We can also set these properties at Job level on Configuration Object.
Below are some additional Reduce Side Tuning Properties

mapreduce.reduce.shuffle.parallelcopies
5
The default number of parallel transfers run by reduce during the copy(shuffle) phase.
mapreduce.shuffle.max.threads
0
Max allowed threads for serving shuffle connections. Set to zero to indicate the default of 2 times the number of available processors (as reported by Runtime.availableProcessors()). Netty is used to serve requests, so a thread is not needed for each connection.
mapreduce.shuffle.transferTo.allowed

This option can enable/disable using nio transferTo method in the shuffle phase. NIO transferTo does not perform well on windows in the shuffle phase. Thus, with this configuration property it is possible to disable it, in which case custom transfer method will be used. Recommended value is false when running Hadoop on Windows. For Linux, it is recommended to set it to true. If nothing is set then the default value is false for Windows, and true for Linux.
mapreduce.shuffle.transfer.buffer.size
131072
This property is used only if mapreduce.shuffle.transferTo.allowed is set to false. In that case, this property defines the size of the buffer used in the buffer copy code for the shuffle phase. The size of this buffer determines the size of the IO requests.

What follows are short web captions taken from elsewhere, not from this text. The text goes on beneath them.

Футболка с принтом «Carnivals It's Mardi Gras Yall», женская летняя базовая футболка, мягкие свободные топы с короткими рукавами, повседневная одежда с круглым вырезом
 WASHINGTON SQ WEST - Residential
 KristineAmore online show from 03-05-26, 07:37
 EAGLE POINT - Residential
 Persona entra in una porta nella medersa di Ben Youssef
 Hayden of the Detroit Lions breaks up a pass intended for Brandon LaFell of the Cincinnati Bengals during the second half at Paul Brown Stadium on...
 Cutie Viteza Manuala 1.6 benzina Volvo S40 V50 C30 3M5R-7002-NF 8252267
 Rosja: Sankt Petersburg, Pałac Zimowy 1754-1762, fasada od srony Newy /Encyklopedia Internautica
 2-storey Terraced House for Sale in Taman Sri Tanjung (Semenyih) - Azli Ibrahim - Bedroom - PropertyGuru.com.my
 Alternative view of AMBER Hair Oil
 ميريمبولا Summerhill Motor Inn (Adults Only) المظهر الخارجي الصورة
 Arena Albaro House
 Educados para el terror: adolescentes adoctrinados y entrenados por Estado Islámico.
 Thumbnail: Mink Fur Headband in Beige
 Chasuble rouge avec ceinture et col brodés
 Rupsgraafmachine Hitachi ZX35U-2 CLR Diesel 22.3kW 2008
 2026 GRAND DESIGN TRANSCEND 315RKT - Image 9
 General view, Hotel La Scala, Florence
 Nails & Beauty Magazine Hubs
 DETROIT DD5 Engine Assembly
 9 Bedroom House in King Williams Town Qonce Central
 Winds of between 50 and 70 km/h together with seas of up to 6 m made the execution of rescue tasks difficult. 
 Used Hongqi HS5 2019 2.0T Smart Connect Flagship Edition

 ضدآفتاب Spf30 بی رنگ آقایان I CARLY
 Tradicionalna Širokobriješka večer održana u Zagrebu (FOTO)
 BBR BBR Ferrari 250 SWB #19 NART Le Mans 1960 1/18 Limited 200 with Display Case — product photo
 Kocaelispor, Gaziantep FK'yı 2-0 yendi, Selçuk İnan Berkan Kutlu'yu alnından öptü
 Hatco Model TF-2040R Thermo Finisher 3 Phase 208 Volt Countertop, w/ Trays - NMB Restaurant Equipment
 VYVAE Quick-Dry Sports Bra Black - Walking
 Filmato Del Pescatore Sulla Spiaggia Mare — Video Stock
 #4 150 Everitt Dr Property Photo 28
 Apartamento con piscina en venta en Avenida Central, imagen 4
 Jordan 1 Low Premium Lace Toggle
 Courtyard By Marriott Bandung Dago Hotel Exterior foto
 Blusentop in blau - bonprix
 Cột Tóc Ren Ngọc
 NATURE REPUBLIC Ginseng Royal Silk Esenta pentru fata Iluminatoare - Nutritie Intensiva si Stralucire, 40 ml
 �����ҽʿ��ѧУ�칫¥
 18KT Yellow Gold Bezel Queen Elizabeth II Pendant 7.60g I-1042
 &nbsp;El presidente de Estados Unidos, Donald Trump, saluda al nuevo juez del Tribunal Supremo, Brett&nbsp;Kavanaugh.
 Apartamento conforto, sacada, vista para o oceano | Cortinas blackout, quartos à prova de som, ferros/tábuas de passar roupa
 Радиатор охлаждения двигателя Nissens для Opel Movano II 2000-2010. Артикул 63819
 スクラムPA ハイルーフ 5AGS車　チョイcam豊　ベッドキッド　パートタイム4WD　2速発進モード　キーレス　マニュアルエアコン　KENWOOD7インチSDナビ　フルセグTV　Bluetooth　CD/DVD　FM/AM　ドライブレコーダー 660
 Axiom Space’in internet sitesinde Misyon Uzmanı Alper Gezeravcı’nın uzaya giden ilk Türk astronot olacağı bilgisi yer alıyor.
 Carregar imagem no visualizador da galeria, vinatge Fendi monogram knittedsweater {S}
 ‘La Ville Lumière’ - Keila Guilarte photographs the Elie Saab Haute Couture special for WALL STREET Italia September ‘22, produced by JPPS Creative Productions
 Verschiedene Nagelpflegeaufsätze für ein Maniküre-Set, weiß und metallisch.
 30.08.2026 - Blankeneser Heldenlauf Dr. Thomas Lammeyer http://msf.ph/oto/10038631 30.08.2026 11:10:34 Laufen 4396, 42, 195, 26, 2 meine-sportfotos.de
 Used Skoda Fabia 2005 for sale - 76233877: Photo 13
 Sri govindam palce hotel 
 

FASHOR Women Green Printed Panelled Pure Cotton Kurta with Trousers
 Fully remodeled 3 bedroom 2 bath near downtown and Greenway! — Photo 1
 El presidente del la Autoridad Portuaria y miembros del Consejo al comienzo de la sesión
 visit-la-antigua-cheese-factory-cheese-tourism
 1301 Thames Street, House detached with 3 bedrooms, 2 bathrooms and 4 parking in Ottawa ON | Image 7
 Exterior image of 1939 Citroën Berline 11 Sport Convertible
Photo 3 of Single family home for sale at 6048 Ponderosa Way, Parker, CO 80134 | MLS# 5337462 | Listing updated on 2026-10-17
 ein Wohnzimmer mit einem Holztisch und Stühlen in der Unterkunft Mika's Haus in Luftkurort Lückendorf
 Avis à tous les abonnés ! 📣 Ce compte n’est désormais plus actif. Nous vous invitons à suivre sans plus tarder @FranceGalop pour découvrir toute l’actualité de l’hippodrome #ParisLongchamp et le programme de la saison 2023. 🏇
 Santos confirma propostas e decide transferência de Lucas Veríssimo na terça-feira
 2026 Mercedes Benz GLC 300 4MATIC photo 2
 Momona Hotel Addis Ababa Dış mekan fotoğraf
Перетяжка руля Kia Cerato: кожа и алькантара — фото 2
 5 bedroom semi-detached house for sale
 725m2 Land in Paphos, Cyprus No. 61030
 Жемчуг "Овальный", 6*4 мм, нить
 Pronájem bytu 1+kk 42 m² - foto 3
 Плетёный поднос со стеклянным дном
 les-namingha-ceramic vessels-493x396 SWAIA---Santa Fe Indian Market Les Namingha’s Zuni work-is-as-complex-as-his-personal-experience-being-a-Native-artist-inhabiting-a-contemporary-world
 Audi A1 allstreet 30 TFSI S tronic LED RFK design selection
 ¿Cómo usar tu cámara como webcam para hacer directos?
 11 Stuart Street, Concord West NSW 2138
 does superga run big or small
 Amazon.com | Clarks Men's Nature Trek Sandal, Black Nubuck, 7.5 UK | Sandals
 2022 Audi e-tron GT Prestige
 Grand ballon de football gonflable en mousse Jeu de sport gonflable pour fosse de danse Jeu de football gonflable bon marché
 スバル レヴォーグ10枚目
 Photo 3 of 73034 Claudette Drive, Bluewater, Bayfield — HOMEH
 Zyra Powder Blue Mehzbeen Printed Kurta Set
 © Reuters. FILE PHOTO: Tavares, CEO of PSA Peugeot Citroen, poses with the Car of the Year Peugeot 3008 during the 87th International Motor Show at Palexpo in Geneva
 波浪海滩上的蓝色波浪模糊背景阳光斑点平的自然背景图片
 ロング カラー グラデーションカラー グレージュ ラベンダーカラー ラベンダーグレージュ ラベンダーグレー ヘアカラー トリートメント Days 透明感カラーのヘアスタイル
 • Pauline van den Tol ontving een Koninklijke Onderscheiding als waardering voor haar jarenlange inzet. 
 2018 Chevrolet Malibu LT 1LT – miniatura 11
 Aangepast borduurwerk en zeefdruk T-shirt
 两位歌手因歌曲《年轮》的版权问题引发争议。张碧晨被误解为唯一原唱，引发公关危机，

mapreduce.reduce.markreset.buffer.percent
0.0
The percentage of memory -relative to the maximum heap size- to be used for caching values when using the mark-reset functionality.
mapreduce.map.speculative
true
If true, then multiple instances of some map tasks may be executed in parallel.
mapreduce.reduce.speculative
true
If true, then multiple instances of some reduce tasks may be executed in parallel.
mapreduce.job.speculative.speculative-cap-running-tasks
0.1
The max percent (0-1) of running tasks that can be speculatively re-executed at any time.
mapreduce.job.speculative.speculative-cap-total-tasks
0.01
The max percent (0-1) of all tasks that can be speculatively re-executed at any time.
mapreduce.job.speculative.minimum-allowed-tasks
10
The minimum allowed tasks that can be speculatively re-executed at any time.
mapreduce.job.speculative.retry-after-no-speculate
1000
The waiting time(ms) to do next round of speculation if there is no task speculated in this round.
mapreduce.job.speculative.retry-after-speculate
15000
The waiting time(ms) to do next round of speculation if there are tasks speculated in this round.